Each line from the one with "acids are there?" through the last line of the records must be output exactly, both ends included.

RECORDS SUPPLIED below:

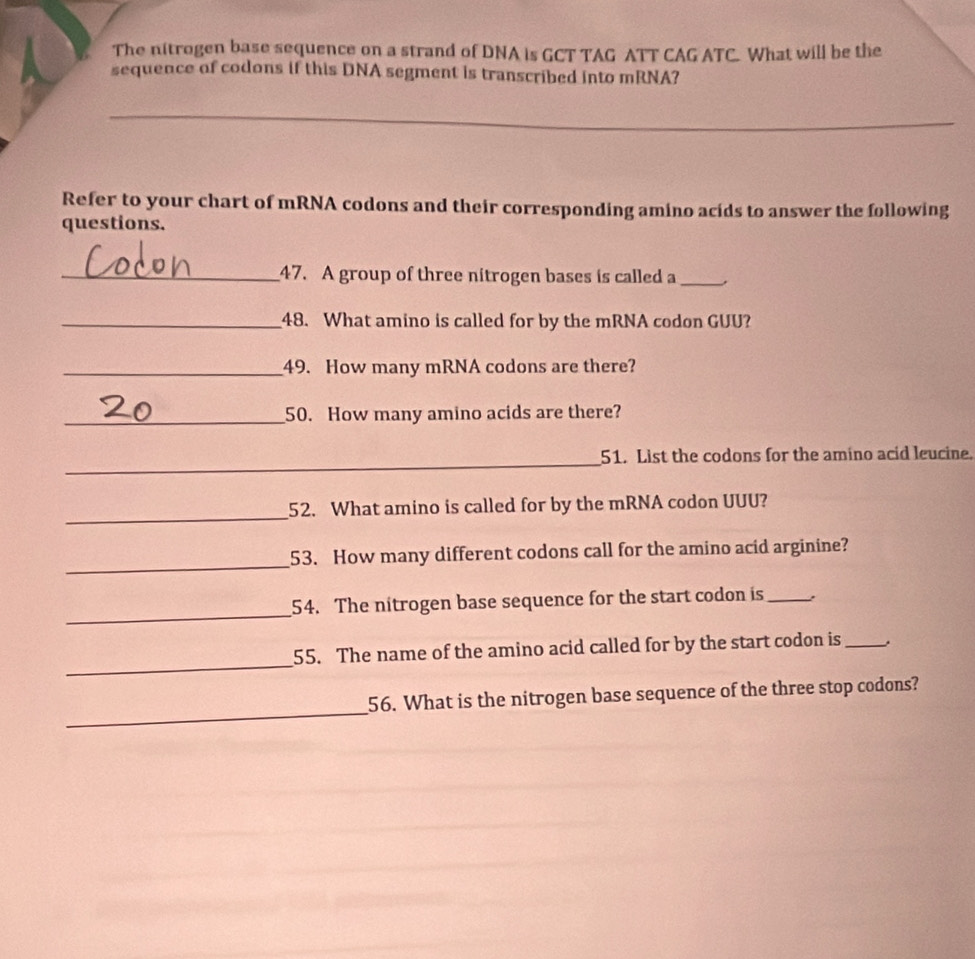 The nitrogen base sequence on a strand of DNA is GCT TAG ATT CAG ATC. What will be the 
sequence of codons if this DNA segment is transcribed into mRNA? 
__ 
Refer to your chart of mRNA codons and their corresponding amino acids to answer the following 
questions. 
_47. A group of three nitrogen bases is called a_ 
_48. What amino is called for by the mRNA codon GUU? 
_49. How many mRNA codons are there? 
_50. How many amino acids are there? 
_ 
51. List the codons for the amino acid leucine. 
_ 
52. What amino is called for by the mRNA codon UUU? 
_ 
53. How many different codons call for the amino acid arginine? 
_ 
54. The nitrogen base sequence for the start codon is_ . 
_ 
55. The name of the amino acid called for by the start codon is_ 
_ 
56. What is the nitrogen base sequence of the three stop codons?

End of RECORDS SUPPLIED.

▸ **RESULT OF THE EXERCISE**:
_50. How many amino acids are there? 
_ 
51. List the codons for the amino acid leucine. 
_ 
52. What amino is called for by the mRNA codon UUU? 
_ 
53. How many different codons call for the amino acid arginine? 
_ 
54. The nitrogen base sequence for the start codon is_ . 
_ 
55. The name of the amino acid called for by the start codon is_ 
_ 
56. What is the nitrogen base sequence of the three stop codons?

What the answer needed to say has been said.